May 20, 2014
In a Presidential Proclamation released on May 16, 2014, President Obama declared the week of May 18 to May 24 to be “World Trade Week.” This long-standing annual tradition encourages Americans to celebrate and inform one another about the benefits of international trade, an effort which the NAFTZ wholeheartedly embraces.
One excellent example of the spirit of World Trade Week can be found in a recent Wall Street Journal article titled “Five Myths About Imports,” written by Trade Partnership President Laura Baughman. In the article, Baughman points out that politicians tend to focus exclusively on the benefits of exports when discussing international trade, while ignoring the jobs and other economic benefits created by imports. This focus is misguided, Baughman argues, pointing out that even after job losses are subtracted, an estimated 16 million Americans owe their jobs to imports.
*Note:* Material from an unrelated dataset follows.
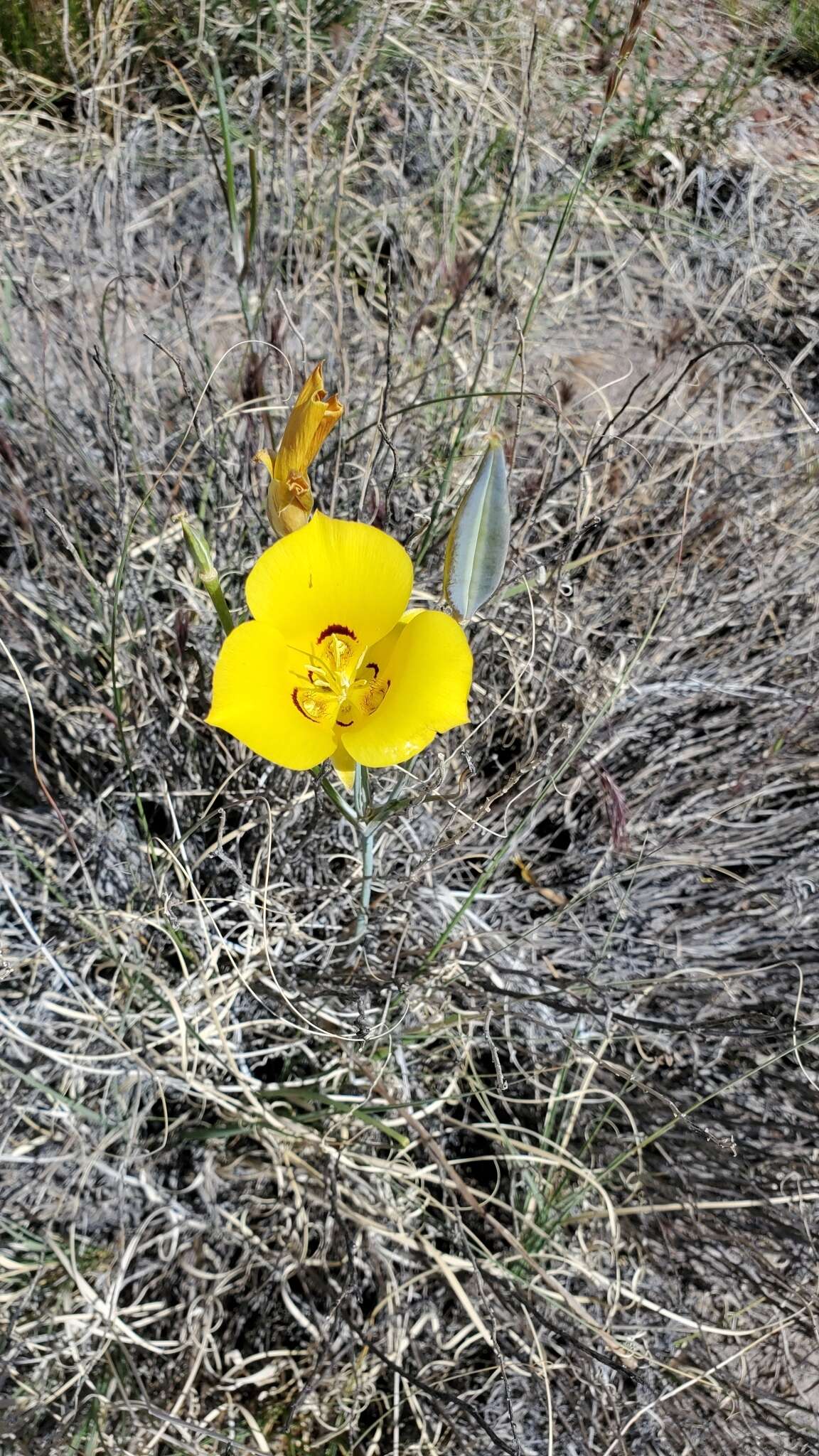 Calochortus aureus S. Watson resmi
One key myth dispelled in Baughman’s article is the idea that imports harm U.S. manufacturers. She writes:
“More than 60% of U.S. imports are raw materials, components and machinery that are used to make goods or grow crops…American manufacturers use these imported inputs when locally produced substitutes are either not available or too expensive. Imported inputs thus keep American manufacturing competitive, both locally and globally.”
The ability to access raw materials and inputs at global prices is indeed crucial to the success of U.S. manufacturers. Facilitating this access by lowering the cost of obtaining imports is one of the key objectives of the U.S. Foreign-Trade Zones program, which enables U.S.-based producers to source inputs from around the world at reduced duty rates. As we have shown in our recent 2013 Annual Report, the competitive edge provided by the FTZ program has helped to extend the benefits of global trade to American companies, workers, and consumers.
During this year’s World Trade Week, the NAFTZ is proud to celebrate the importance of imports, exports, and the FTZ Program to the U.S. economy.